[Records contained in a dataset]
---*---

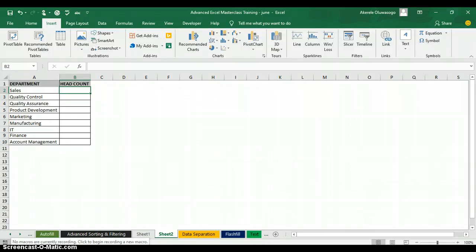Hello everyone, my name is Akerele Oluwa Shogo, I'm your Microsoft Excel trainer. Today I'll be teaching you how to use a conditional function which we call COUNTIF in Excel. COUNTIF is used to count the number of items based on criteria.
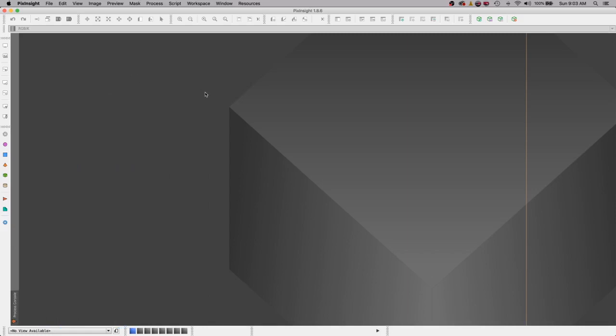We're going to create a template project today. This is a project that I will open up at the beginning of every project and it sets up my workspace for me so I don't have to think about it and do it later. I like having all my processes open and ready to go.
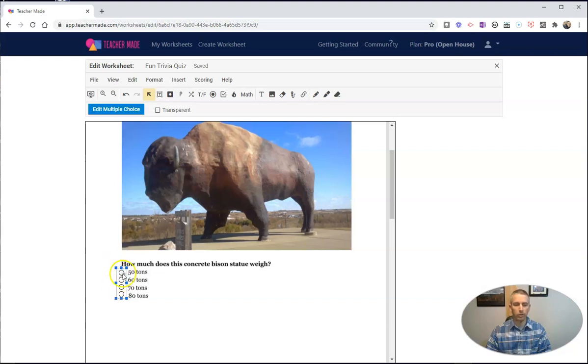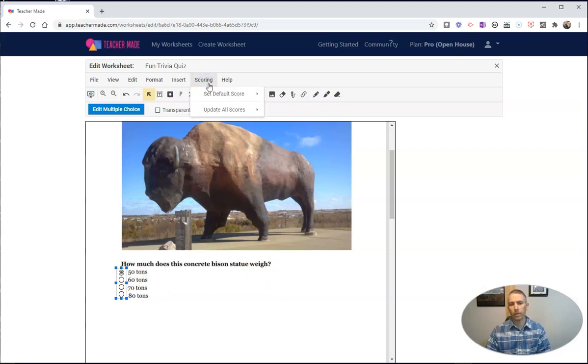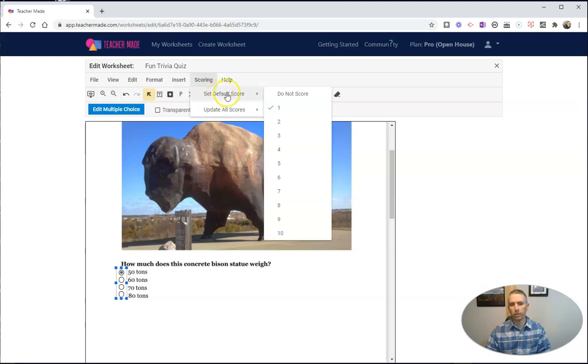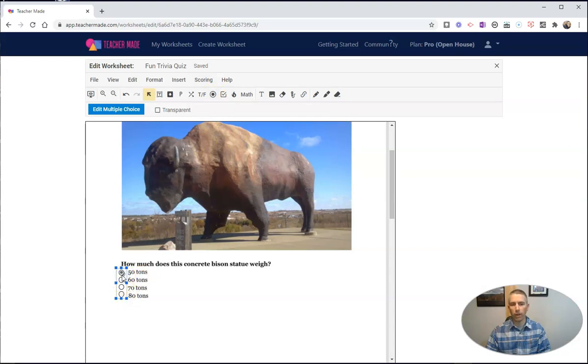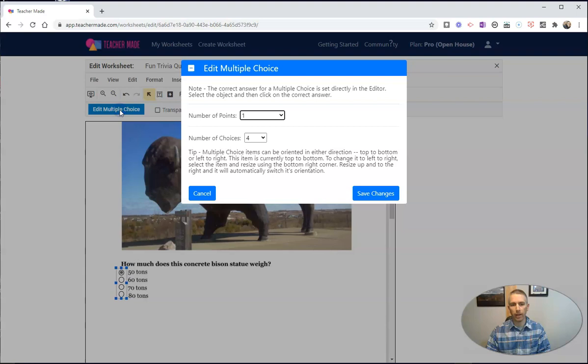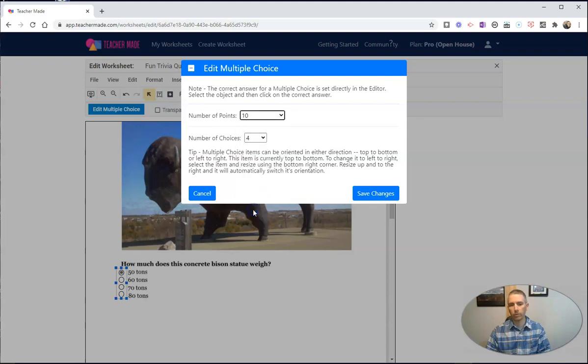I'm going to mark it as that being the correct answer. And I'm going to change my scoring so that this one here, when I set the default score, it's five points. Now we could change that for this individual item if we want to by hitting Edit Multiple Choice. And we can now set, okay, ten points for that question instead of the default five.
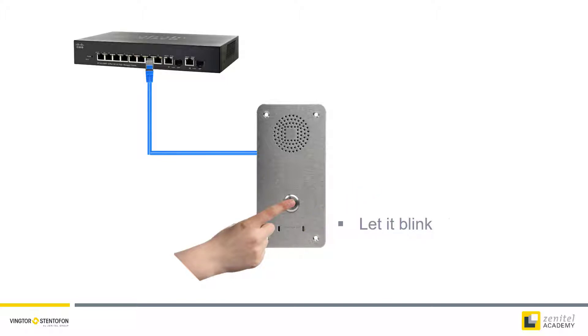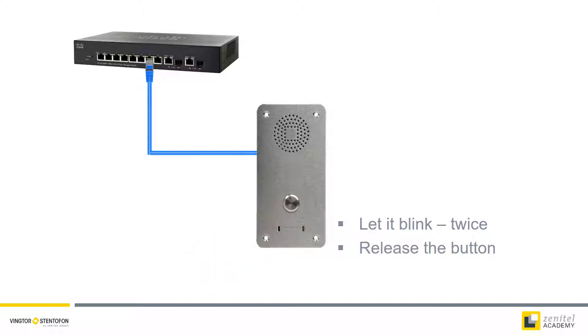After a while this LED will start to blink. Let it blink twice before releasing the call button.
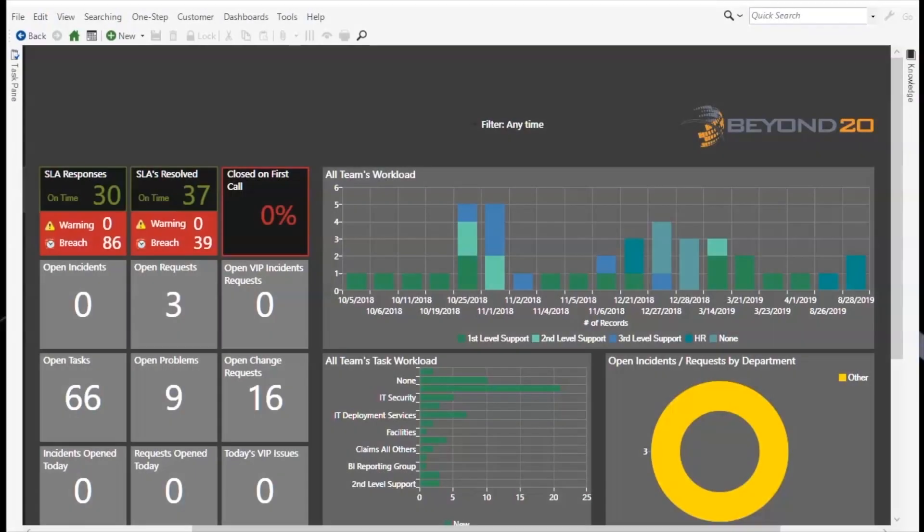Welcome to the Beyond20 ShareWell tutorial series. In this video we will demonstrate the new Beyond20 M App that uses the ShareWell REST API to step through a specific business object field list and use that in a one-step to solve certain use cases.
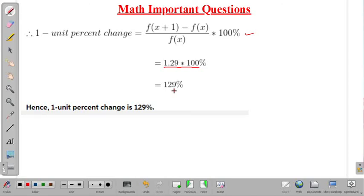In this lecture we have discussed one important problem from the topic of functions. Thank you.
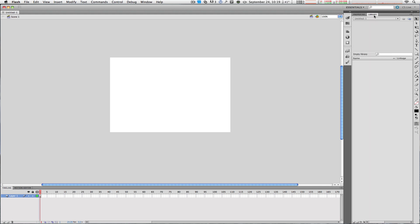To the right of that we have the library, which allows you to store images, text, bitmap, vector, whatever you want to call it, in this container. It's very significant because it saves you a lot of time. If you want to use an object over and over again, you don't have to go to file and import, you can just click and drag it from your library onto your stage.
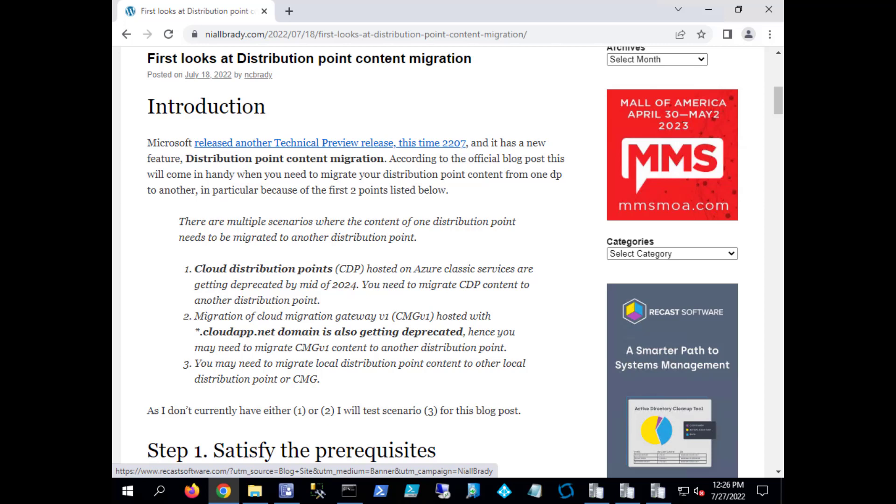Hi everyone, it's Niall from windowsnoob.com and today we're going to take a look at distribution point content migration, which is a feature which first showed up in technical preview release version 2207.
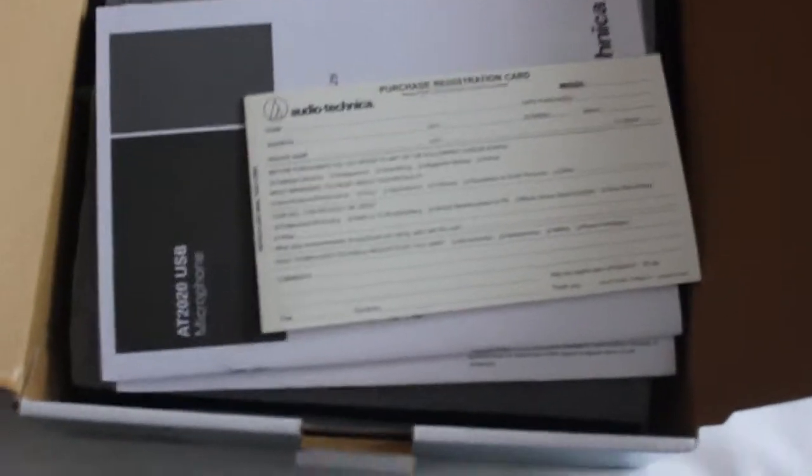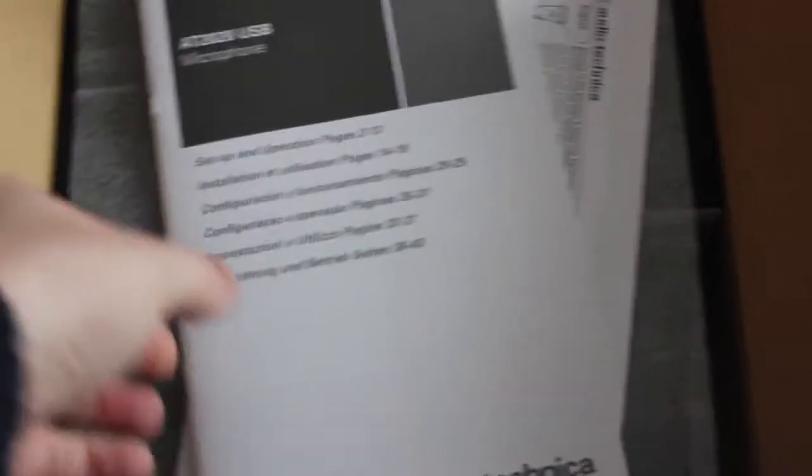On top of the box we have a form to register my microphone with Audio-Technica, under that more padding and a couple instruction booklets.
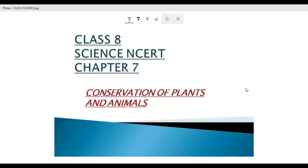Hello students, we are going to do Class 8th Science NCERT chapter number 7, that is Conservation of Plants and Animals. Let's start.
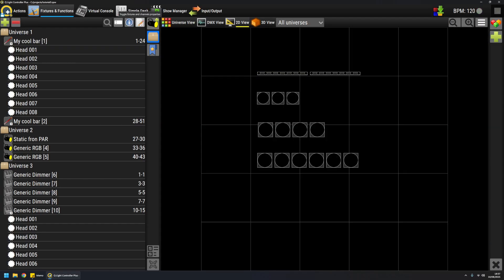There's also this button here to show and hide channel properties of each fixture, but this will be treated in a separate video. So for this video, this is all. Thanks for watching. Ciao!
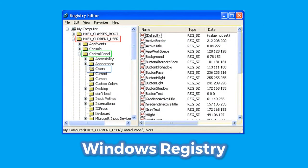Similarly, there is also a Windows registry, which is a hierarchical database used to store low level settings for the Windows operating system. It contains information, settings, options, and other values of programs and hardware installed on all versions of Microsoft's Windows operating system. Before this, .ini files or initialization files were used for each and every program.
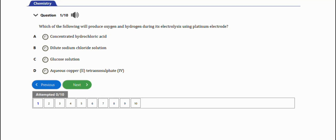In this video we are going to learn how to solve WAEC chemistry problems under electrolysis. We have about eight to ten questions in this video, so let's get started.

---*---

THE PROBLEM: With pictures excluded, the lines running from the one containing "On top of the" through the last line of the records above are to be restated exactly and in full.

COMPLETED TASK:
On top of the box we have a form to register my microphone with Audio-Technica, under that more padding and a couple instruction booklets.
Hello students, we are going to do Class 8th Science NCERT chapter number 7, that is Conservation of Plants and Animals. Let's start.
There's also this button here to show and hide channel properties of each fixture, but this will be treated in a separate video. So for this video, this is all. Thanks for watching. Ciao!
Similarly, there is also a Windows registry, which is a hierarchical database used to store low level settings for the Windows operating system. It contains information, settings, options, and other values of programs and hardware installed on all versions of Microsoft's Windows operating system. Before this, .ini files or initialization files were used for each and every program.
In this video we are going to learn how to solve WAEC chemistry problems under electrolysis. We have about eight to ten questions in this video, so let's get started.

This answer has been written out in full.